Эта стратегия работала лучше всего, когда цены были высокими и давление было незаметным. Но всегда существовало напряжение между коммерческими и политическими аспектами энергетической политики. И оно усугублялось инстинктивной реакцией Путина на любой вызов со стороны другого государства, которая заключается в том, чтобы сразу же искать точки давления. В случае с его соседями это часто означает введение тарифов на экспорт товаров в Россию, отказ от поставок какого-либо товара, прекращение поставок газа или непомерного повышения цен. Одна из причин нынешней неразберихи заключается в том, что этот подход был принят в 2013 году, когда пророссийски настроенный президент Украины Виктор Янукович столкнулся с полным экономическим давлением на свое правительство, чтобы не дать ему подписать соглашение об ассоциации с ЕС (даже не с НАТО) и вместо этого присоединиться к собственному проекту Путина по созданию Евразийского союза. Экономическое давление сработало - так хорошо и так заметно, что послушность Януковича вызвала массовые демонстрации в Киеве. Они привели к бегству последнего и приходу нового украинского правительства, которое Путин с самого начала считал враждебным России, а значит, ему нужно было ставить палки в колеса на каждом шагу.
Сейчас энергетическое оружие России подвергается самому серьезному испытанию. С одной стороны, это лучшая защита страны от западных санкций, позволяющая ей финансировать свою войну и поддерживать уровень жизни своего народа. С другой стороны, это лучшее средство нападения: Путин надеется принудить западных сторонников Украины к тому, чтобы они оставили Киев и с поклоном согласились на мир, при котором поставки газа возобновятся в довоенном объеме. Это принуждение началось еще до войны с сокращения поставок, призванного напомнить европейцам, где лежат их истинные интересы. После начала войны вопрос энергетической зависимости Европы неизбежно встал в полный рост. В Берлине, который был наиболее потрясен таким поворотом событий, сразу же поняли, что Германия вместе со своими европейскими партнерами должна избавиться от этой зависимости. Однако сначала это рассматривалось в лучшем случае как среднесрочный проект из-за вероятных экономических потрясений.

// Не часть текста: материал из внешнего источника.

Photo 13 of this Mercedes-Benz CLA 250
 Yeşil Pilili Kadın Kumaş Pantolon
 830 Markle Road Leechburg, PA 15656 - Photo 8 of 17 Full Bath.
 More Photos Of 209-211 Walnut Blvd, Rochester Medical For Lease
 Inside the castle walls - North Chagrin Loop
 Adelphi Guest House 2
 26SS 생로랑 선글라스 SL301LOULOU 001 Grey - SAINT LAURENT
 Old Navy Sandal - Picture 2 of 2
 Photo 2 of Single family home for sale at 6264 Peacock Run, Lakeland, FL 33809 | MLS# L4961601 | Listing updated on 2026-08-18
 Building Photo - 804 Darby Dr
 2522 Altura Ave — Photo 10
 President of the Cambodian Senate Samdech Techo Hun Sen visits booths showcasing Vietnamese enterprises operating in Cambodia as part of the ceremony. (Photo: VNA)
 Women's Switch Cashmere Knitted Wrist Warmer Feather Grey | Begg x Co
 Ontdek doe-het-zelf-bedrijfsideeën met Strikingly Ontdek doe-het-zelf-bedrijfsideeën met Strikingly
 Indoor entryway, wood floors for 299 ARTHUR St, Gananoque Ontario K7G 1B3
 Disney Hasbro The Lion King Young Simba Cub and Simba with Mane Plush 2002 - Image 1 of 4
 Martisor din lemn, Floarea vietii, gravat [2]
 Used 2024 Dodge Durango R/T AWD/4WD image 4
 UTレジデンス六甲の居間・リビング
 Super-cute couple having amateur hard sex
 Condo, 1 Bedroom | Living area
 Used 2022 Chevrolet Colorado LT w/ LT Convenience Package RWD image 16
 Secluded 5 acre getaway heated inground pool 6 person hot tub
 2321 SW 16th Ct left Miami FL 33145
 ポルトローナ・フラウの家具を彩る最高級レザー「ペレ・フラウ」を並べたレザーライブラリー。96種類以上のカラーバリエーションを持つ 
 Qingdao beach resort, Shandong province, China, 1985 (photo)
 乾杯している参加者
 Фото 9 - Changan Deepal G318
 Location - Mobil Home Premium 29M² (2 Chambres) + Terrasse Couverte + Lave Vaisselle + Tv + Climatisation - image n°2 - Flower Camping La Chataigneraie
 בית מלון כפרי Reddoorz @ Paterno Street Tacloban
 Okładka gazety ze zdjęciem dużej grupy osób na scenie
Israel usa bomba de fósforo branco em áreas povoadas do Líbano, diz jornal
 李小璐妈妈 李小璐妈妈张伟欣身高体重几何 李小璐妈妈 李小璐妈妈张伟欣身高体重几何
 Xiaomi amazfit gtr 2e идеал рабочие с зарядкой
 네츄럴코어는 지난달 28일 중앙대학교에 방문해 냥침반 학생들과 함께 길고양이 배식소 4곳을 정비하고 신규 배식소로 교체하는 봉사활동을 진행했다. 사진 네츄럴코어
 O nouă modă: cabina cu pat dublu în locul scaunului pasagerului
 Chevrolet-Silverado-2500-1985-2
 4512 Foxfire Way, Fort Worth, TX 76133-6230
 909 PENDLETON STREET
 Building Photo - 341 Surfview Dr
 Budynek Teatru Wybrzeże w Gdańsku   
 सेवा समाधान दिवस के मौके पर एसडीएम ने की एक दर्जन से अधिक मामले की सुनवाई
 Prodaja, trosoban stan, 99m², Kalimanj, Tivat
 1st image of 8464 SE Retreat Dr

Вскоре расчеты изменились. Сначала было оказано давление с целью лишить Россию оборонительных преимуществ от поставок энергоносителей, ограничив суммы, которые она могла бы получить, наживаясь на высоких ценах, которые она создала благодаря своей собственной политике. Цифры российских доходов от продажи газа в Европу были позорными, особенно в сравнении с суммами, потраченными на оказание экономической и военной помощи Украине (безусловно, главному экономическому неудачнику). Во-вторых, необходимо было притупить энергетическое наступление России. Это было сделано путем заполнения имеющихся дефицитных мощностей в летние месяцы, диверсификации других источников, таких как сжиженный природный газ (СПГ) - хотя цена на него неизбежно выросла - и поощрения большей энергоэффективности. Берлин даже предпринял первые предварительные шаги по отсрочке вывода из эксплуатации всех своих атомных электростанций.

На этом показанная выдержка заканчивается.